_Task statement_
In the records below, the line with "Bộ túyp lục giác 24 món Toptul GCAT2402 1" opens the range and the line with "Portrait of Aegje Hasselaer (1617-64) framed" closes it; print that range exactly and nothing else.

Collection entries:
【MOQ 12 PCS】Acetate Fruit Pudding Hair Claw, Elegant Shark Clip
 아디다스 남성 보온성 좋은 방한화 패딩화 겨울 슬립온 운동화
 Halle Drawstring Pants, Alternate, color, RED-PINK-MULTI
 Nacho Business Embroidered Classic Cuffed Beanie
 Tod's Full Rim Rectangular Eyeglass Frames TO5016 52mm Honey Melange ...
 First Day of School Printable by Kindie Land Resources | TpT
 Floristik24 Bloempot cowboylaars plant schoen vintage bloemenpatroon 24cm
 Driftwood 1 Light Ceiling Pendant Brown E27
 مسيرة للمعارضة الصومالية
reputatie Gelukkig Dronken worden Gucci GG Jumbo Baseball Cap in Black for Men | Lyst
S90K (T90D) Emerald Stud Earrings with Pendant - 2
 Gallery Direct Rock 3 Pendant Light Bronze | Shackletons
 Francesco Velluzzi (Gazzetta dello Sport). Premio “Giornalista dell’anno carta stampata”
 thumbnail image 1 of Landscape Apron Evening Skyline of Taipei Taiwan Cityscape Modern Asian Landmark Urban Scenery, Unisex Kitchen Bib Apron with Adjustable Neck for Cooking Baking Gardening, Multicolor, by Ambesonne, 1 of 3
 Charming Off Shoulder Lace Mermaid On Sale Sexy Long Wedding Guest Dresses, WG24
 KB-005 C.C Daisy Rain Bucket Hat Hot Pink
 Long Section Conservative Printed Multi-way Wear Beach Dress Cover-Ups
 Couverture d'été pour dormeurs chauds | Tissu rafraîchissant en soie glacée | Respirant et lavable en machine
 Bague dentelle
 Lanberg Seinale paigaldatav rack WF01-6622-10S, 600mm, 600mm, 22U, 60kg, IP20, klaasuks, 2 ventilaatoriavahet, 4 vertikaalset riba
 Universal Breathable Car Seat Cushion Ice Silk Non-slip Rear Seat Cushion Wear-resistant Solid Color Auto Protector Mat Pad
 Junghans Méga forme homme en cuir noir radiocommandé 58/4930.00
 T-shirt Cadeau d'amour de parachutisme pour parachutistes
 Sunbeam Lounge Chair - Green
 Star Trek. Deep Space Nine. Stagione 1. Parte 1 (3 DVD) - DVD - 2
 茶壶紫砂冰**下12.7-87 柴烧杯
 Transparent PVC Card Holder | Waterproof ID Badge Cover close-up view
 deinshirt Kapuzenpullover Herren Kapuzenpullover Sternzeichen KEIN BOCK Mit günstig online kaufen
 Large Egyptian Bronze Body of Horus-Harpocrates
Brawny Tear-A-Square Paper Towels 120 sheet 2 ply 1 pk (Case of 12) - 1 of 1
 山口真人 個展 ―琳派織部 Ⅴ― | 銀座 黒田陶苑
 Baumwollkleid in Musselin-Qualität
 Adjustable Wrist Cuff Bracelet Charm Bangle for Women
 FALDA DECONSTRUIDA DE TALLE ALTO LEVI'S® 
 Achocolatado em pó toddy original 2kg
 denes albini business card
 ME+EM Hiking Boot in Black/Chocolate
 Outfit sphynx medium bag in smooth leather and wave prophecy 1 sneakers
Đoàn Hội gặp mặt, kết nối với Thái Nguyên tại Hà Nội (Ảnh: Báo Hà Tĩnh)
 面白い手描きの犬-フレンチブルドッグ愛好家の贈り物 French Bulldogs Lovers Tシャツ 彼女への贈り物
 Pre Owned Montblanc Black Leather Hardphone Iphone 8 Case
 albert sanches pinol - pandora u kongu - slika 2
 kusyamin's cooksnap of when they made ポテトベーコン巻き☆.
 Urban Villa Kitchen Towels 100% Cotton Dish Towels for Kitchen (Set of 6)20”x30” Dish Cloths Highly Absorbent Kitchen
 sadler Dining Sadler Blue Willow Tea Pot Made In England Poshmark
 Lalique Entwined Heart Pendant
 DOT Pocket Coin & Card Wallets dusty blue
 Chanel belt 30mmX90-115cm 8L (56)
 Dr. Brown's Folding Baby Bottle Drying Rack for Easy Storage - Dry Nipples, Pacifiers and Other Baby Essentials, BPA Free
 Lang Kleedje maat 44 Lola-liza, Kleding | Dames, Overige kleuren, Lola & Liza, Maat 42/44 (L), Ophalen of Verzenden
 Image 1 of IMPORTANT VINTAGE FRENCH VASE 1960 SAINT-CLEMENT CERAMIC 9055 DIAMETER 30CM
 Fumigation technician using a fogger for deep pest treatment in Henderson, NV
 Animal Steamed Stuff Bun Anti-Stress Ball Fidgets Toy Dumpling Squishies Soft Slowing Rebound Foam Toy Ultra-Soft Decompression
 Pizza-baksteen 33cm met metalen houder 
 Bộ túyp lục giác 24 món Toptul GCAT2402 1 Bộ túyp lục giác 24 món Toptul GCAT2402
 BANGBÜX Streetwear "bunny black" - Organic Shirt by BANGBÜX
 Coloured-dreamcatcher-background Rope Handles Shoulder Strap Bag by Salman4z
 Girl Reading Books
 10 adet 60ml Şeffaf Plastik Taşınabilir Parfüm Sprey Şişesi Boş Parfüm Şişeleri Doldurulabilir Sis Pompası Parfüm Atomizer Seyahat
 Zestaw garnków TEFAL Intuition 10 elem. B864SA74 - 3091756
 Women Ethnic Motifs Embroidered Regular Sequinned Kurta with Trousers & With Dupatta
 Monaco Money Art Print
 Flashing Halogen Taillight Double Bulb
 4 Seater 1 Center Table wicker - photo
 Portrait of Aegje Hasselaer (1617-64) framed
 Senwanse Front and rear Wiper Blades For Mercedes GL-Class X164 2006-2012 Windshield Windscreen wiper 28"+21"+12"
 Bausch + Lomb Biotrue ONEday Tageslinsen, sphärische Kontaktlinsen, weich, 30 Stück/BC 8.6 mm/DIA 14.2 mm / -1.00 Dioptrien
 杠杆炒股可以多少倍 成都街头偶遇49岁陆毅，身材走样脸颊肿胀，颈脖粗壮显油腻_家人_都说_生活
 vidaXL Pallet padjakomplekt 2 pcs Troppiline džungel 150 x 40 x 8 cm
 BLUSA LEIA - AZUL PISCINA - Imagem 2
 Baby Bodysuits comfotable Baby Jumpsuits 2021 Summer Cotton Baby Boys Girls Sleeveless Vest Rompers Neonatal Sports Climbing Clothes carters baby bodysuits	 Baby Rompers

_Output below_
 Bộ túyp lục giác 24 món Toptul GCAT2402 1 Bộ túyp lục giác 24 món Toptul GCAT2402
 BANGBÜX Streetwear "bunny black" - Organic Shirt by BANGBÜX
 Coloured-dreamcatcher-background Rope Handles Shoulder Strap Bag by Salman4z
 Girl Reading Books
 10 adet 60ml Şeffaf Plastik Taşınabilir Parfüm Sprey Şişesi Boş Parfüm Şişeleri Doldurulabilir Sis Pompası Parfüm Atomizer Seyahat
 Zestaw garnków TEFAL Intuition 10 elem. B864SA74 - 3091756
 Women Ethnic Motifs Embroidered Regular Sequinned Kurta with Trousers & With Dupatta
 Monaco Money Art Print
 Flashing Halogen Taillight Double Bulb
 4 Seater 1 Center Table wicker - photo
 Portrait of Aegje Hasselaer (1617-64) framed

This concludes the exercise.